Amazon S3 is a widely used object storage solution with high levels of security, scalability, and durability.

Amazon S3 comprises of four primary concepts:

Buckets - act as the primary container for objects.

Objects - contain the actual data and metadata.

Keys - unique identifiers for each object within a bucket.

Region - denotes the geographic location where the bucket is stored.

An object is comprised of three elements: data, metadata, and a unique identifier. Metadata contains context-specific information about the object and is stored as a collection of key-value pairs. It includes essential details such as the content type, length, and last modified date.

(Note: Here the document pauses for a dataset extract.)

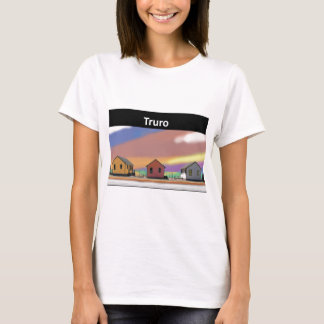 T-shirt truro de 3 cottages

Amazon S3: Types of consistency models

Read-after-write Consistency

Read-after-write consistency in Amazon S3 ensures that updates made to the database are immediately available to all clients. When an item is uploaded to a bucket using a PUT operation, it can be read immediately after receiving a successful response, even if not all copies in all availability zones have yet received the replicas.

Eventual Consistency

Amazon S3 adds support for data consistency overwrite of PUT and DELETE operations. Overwrite PUT means replacing it with a new object bearing the same name while Overwriting DELETE removes the object from Amazon S3. The final action won’t occur during an overwrite PUT until all copies are replicated across all availability zones. Likewise, deleting an object may not immediately remove it from Amazon S3 until the deletion has fully propagated across all availability zones in the region

Amazon S3: Storage classes

Amazon S3 Standard Storage Class

Amazon S3 Standard is a popular class ideal for frequently accessible data. It provides users with fast throughput performance and low latency, ensuring their frequently accessed data is quickly and readily available. This versatile storage class can be used for various purposes, such as cloud applications, big data analytics, content distribution, dynamic web pages, and mobile or gaming applications.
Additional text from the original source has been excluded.